# Brief:
Transcribe the following entries word for word; no picture is to appear in the copy.

# # # # # # #

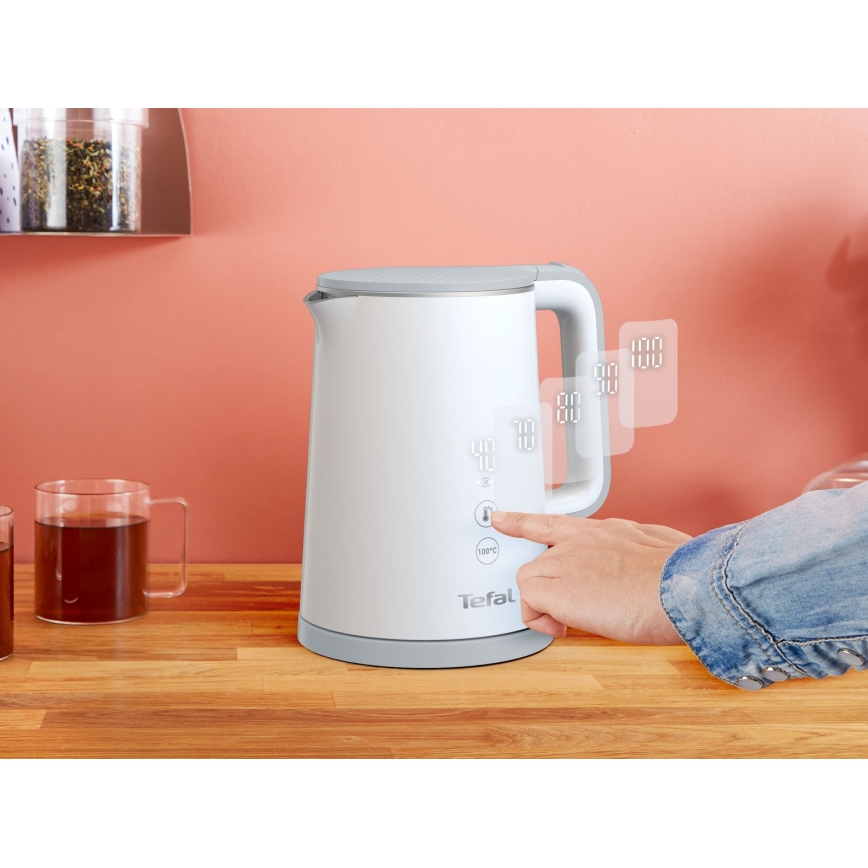 Tefal - Kiirveekeetja SENSE 1 l 1800W/230V valge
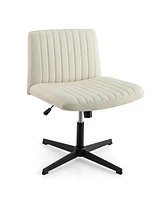 Criss Cross Legged Office Chair Ergonomic Mid Back Computer Desk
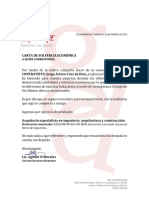 Carta Solvencia Economica JACD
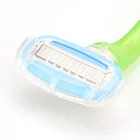 Blade Razor Blue Halo5 5 Blade Lady Shaving Cartridges Stainless Steel Razor Blade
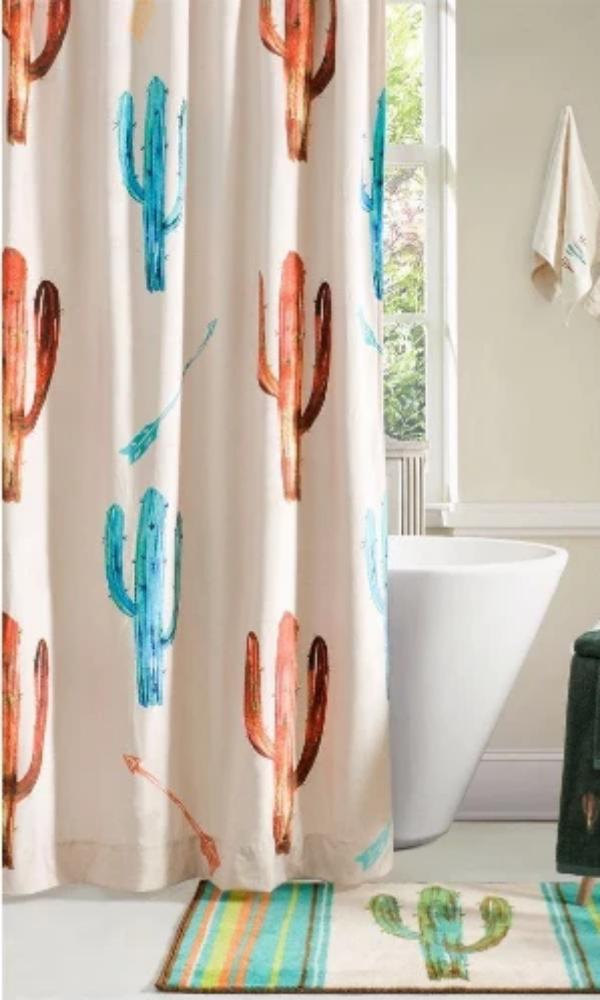 Cactus Printed Shower Curtain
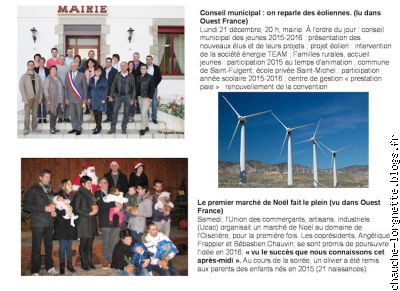 conseil municipal et marché de Noêl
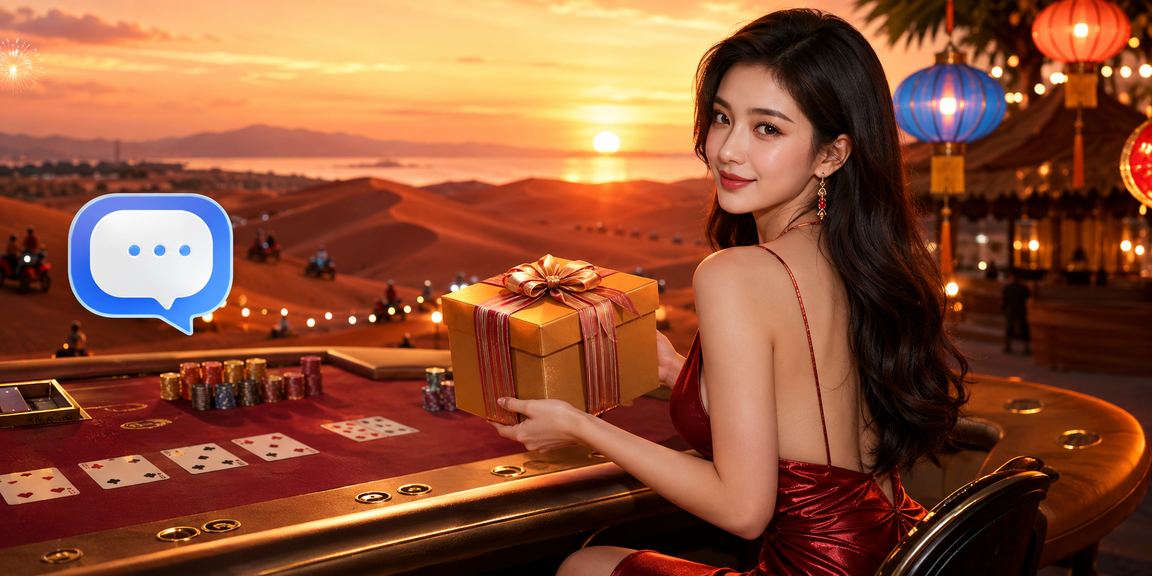 Khung cảnh lễ hội baccarat tại Mũi Né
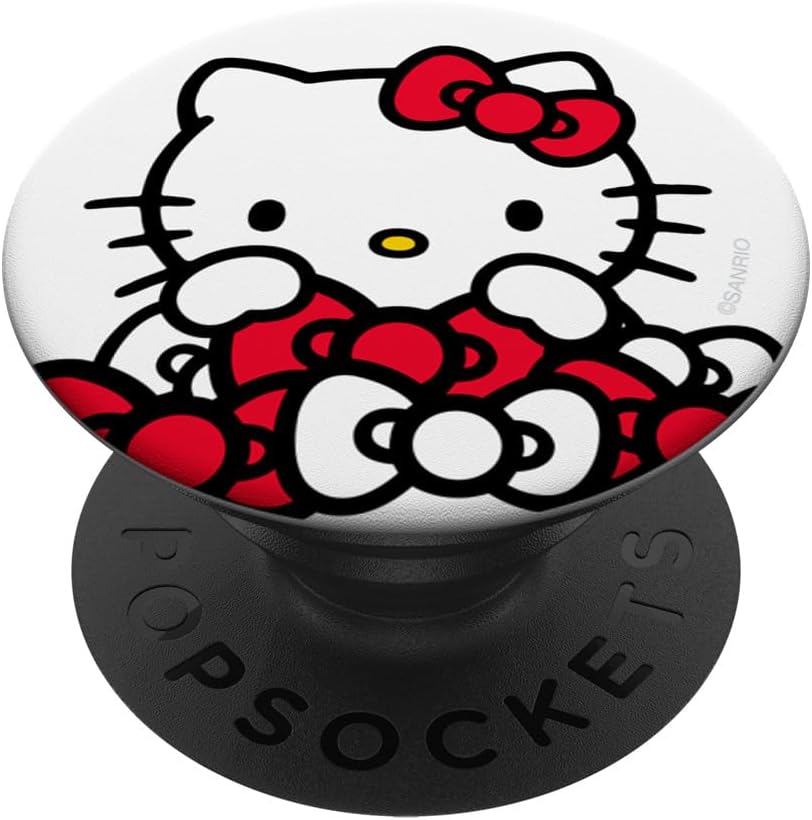 Hello Kitty Bow Pile PopSockets Stand for Smartphones and Tablets PopSockets PopWallet for MagSafe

# # # # # # #

# Problem solution:
 Tefal - Kiirveekeetja SENSE 1 l 1800W/230V valge
 Criss Cross Legged Office Chair Ergonomic Mid Back Computer Desk
 Carta Solvencia Economica JACD
 Blade Razor Blue Halo5 5 Blade Lady Shaving Cartridges Stainless Steel Razor Blade
 Cactus Printed Shower Curtain
 conseil municipal et marché de Noêl
 Khung cảnh lễ hội baccarat tại Mũi Né
 Hello Kitty Bow Pile PopSockets Stand for Smartphones and Tablets PopSockets PopWallet for MagSafe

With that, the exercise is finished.